I didn't say "you bought it, you keep it", but I still would like to reply to your comment. (although I did say D would not be a golden ticket to happiness)

It always pains me that we only hear one partners side of the story here. Except for extremely rare cases, both partners always played a roll in the breakdown of the M. This is even more true in the long term M's. I'd like to hear why L's H has checked out.

If we could go back in time, 5 years, 10 years, etc. and ask people who want out about their spouse and M, I guarantee they did not feel then as they now say they did. Our present perception colors how we see everything, even history. When we're fed up and want to be done, we HAVE TO justify our wanting out by focusing only on the bad, and rewriting the past. It's a coping mechanism to help us with our present decisions. (and left behind spouses do this too)
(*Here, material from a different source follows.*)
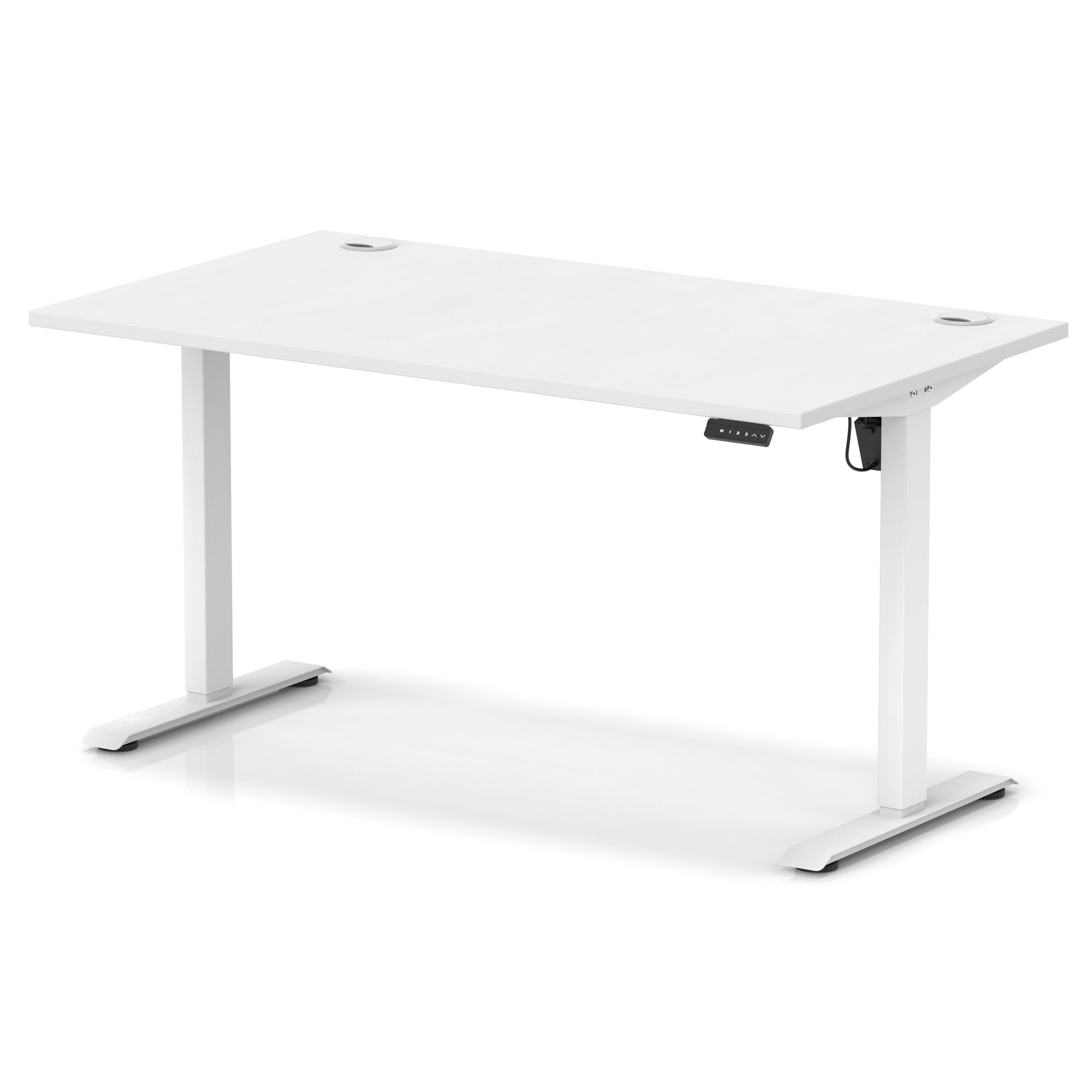 Air Lite Height Adjustable Desk with Cable Ports, 1000–1600mm Widths, Multiple Desktop & Frame Colours, MFC, 5 Year Warranty, Office Computer Workstation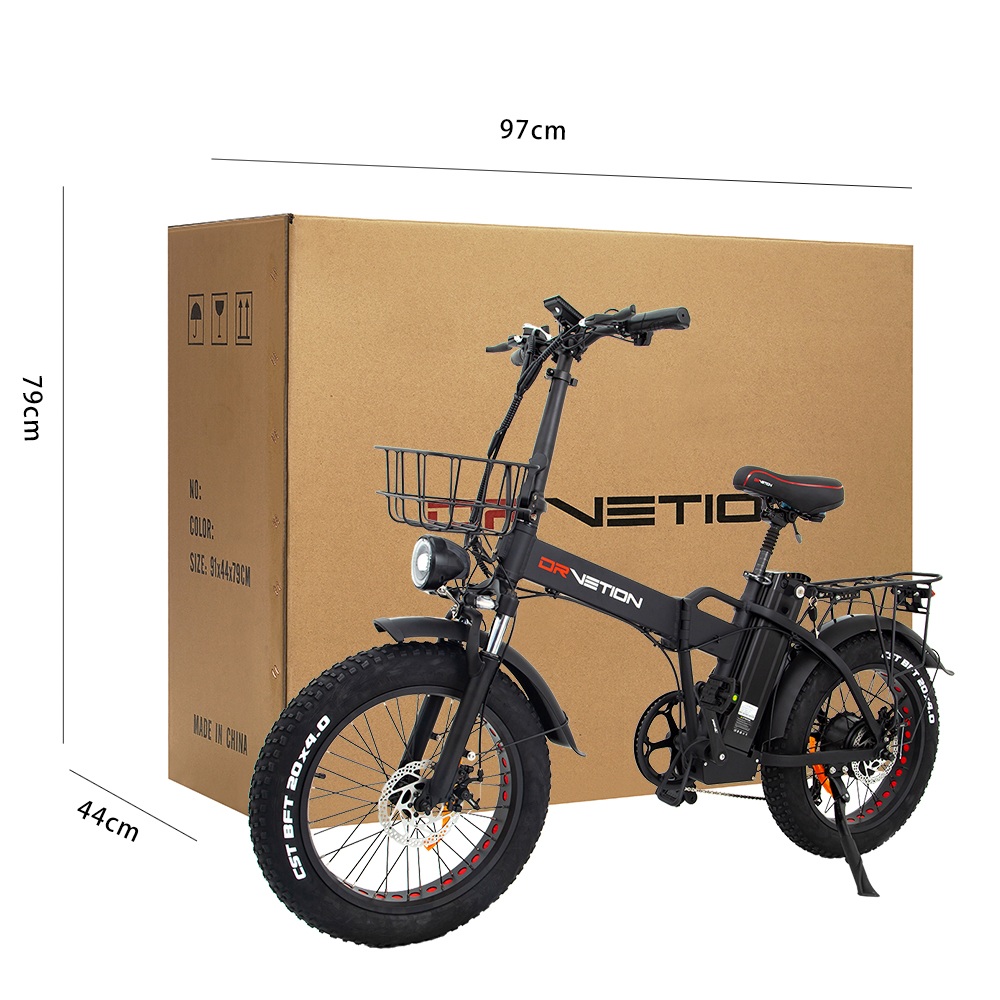 DRVETION AT20 Pro Electric Bike, 750W motor BAFANG, 48V 20Ah batéria Samsung, dojazd až 130 km, max. rýchlosť 45 km/h, 20×4.0" Fat Tires, Shimano 7-Speed, Hydraulic Brakes, Foldable All-Terrain E-Bike - Blue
So for 22 years it all sucked? Sorry, but I don't believe it. VERY few people would stick around for that long in a sucky M. First D's average around 7-8 years. Lynst, your M made it way past that... likely for a good reason.

But I'm not posting this to convince you of anything, Lynst. You basically came here to say you're done, and are looking for validation for this decision. Nothing wrong with that.

Lynst, I'm truly sorry for the all the pain you are going through right now, and wish you and your family the peace and love you deserve. I hope you can find it.